[Supplied material]
::::::

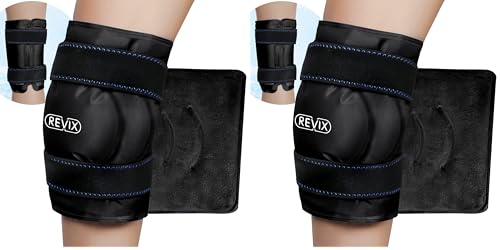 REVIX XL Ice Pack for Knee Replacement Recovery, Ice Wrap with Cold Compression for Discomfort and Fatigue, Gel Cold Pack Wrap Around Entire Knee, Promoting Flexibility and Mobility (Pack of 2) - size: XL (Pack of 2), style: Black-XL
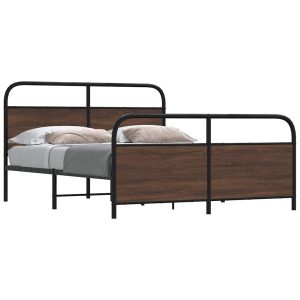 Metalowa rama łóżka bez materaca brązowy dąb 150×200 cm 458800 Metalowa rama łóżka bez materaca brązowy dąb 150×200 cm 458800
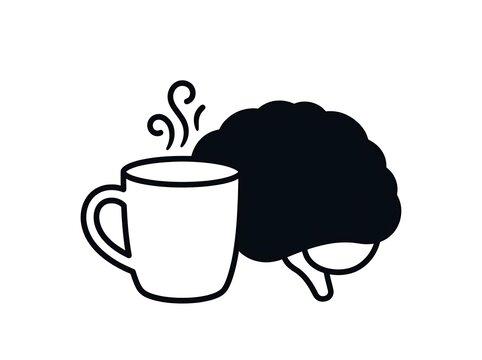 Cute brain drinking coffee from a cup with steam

::::::

[What the task asks]
Using the material above, return every line exactly as it appears, minus the pictures.

[Exercise solution]
 REVIX XL Ice Pack for Knee Replacement Recovery, Ice Wrap with Cold Compression for Discomfort and Fatigue, Gel Cold Pack Wrap Around Entire Knee, Promoting Flexibility and Mobility (Pack of 2) - size: XL (Pack of 2), style: Black-XL
 Metalowa rama łóżka bez materaca brązowy dąb 150×200 cm 458800 Metalowa rama łóżka bez materaca brązowy dąb 150×200 cm 458800
 Cute brain drinking coffee from a cup with steam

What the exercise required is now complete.